- [AIM OF THE EXERCISE]:
In the data below, reproduce everything exactly except the images.

- [INFORMATION PROVIDED]:
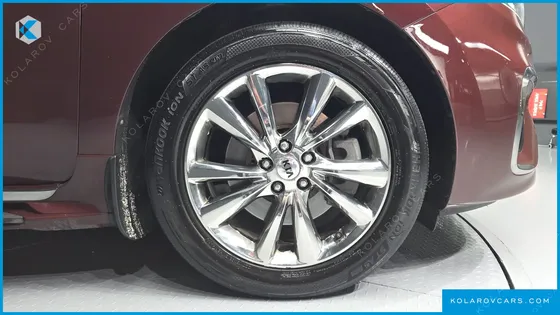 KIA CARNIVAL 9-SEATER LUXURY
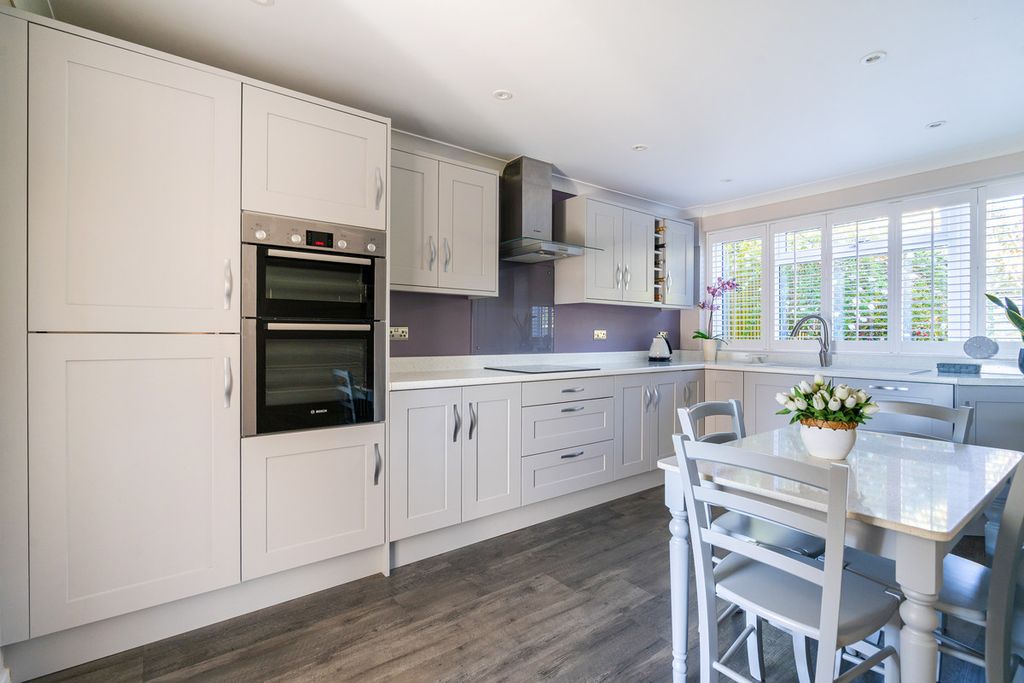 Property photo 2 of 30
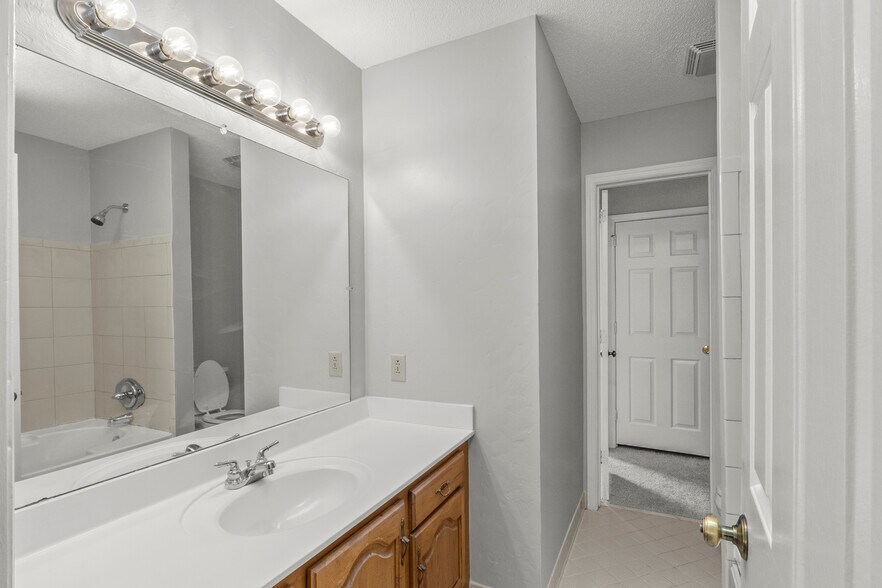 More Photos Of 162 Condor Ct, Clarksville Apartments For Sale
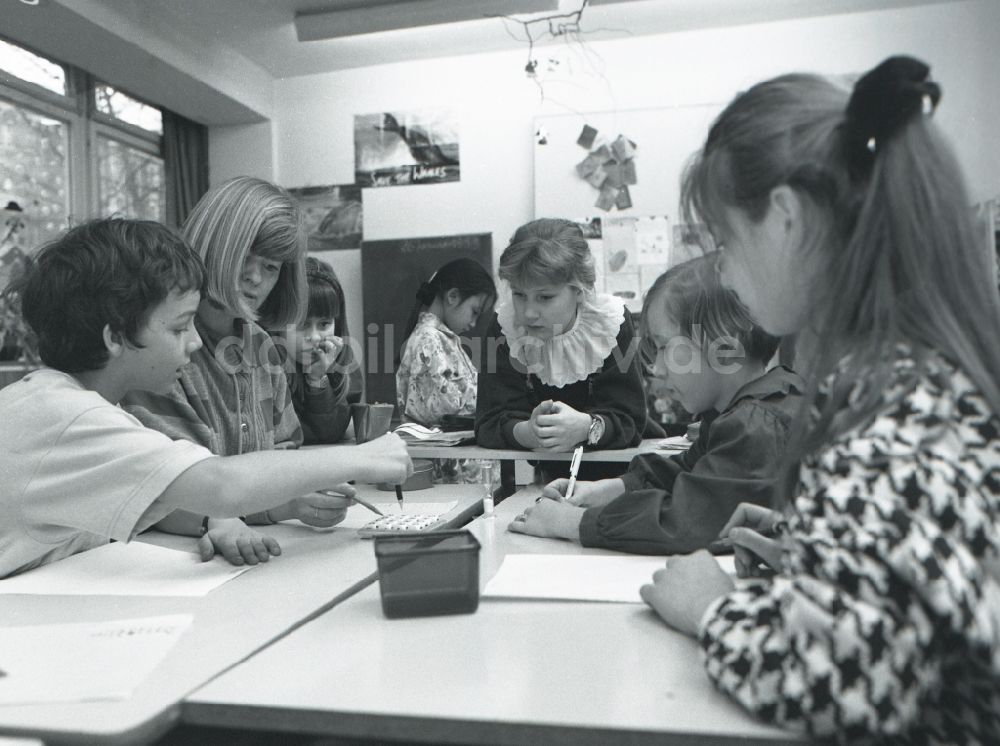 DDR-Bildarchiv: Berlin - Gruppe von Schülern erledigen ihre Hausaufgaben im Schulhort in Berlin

- [EXERCISE OUTPUT]:
 KIA CARNIVAL 9-SEATER LUXURY
 Property photo 2 of 30
 More Photos Of 162 Condor Ct, Clarksville Apartments For Sale
 DDR-Bildarchiv: Berlin - Gruppe von Schülern erledigen ihre Hausaufgaben im Schulhort in Berlin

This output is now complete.